Given the size of this request, here's some more elaborate details
on this pull request.
The functional change change in this pull request is the very first
patch from Song Liu which replaces the struct module_layout with a new
struct module memory. The old data structure tried to put together all
types of supported module memory types in one data structure, the new
one abstracts the differences in memory types in a module to allow each
one to provide their own set of details. This paves the way in the
future so we can deal with them in a cleaner way. If you look at changes
they also provide a nice cleanup of how we handle these different memory
areas in a module. This change has been in linux-next since before the
merge window opened for v6.3 so to provide more than a full kernel cycle
of testing. It's a good thing as quite a bit of fixes have been found
for it.
Jason Baron then made dynamic debug a first class citizen module user by
using module notifier callbacks to allocate / remove module specific
dynamic debug information.
Nick Alcock has done quite a bit of work cross-tree to remove module
license tags from things which cannot possibly be module at my request
so to:
a) help him with his longer term tooling goals which require a
deterministic evaluation if a piece a symbol code could ever be
part of a module or not. But quite recently it is has been made
clear that tooling is not the only one that would benefit.
Disambiguating symbols also helps efforts such as live patching,
kprobes and BPF, but for other reasons and R&D on this area
is active with no clear solution in sight.

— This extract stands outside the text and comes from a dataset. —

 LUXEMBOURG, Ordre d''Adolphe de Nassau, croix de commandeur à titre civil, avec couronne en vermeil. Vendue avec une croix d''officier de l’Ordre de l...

b) help us inch closer to the now generally accepted long term goal
of automating all the MODULE_LICENSE() tags from SPDX license tags
In so far as a) is concerned, although module license tags are a no-op
for non-modules, tools which would want create a mapping of possible
modules can only rely on the module license tag after the commit
8b41fc4454 ("kbuild: create modules.builtin without Makefile.modbuiltin
or tristate.conf"). Nick has been working on this *for years* and
AFAICT I was the only one to suggest two alternatives to this approach
for tooling. The complexity in one of my suggested approaches lies in
that we'd need a possible-obj-m and a could-be-module which would check
if the object being built is part of any kconfig build which could ever
lead to it being part of a module, and if so define a new define
-DPOSSIBLE_MODULE [0]. A more obvious yet theoretical approach I've
suggested would be to have a tristate in kconfig imply the same new
-DPOSSIBLE_MODULE as well but that means getting kconfig symbol names
mapping to modules always, and I don't think that's the case today. I am
not aware of Nick or anyone exploring either of these options. Quite
recently Josh Poimboeuf has pointed out that live patching, kprobes and
BPF would benefit from resolving some part of the disambiguation as
well but for other reasons. The function granularity KASLR (fgkaslr)
patches were mentioned but Joe Lawrence has clarified this effort has
been dropped with no clear solution in sight [1].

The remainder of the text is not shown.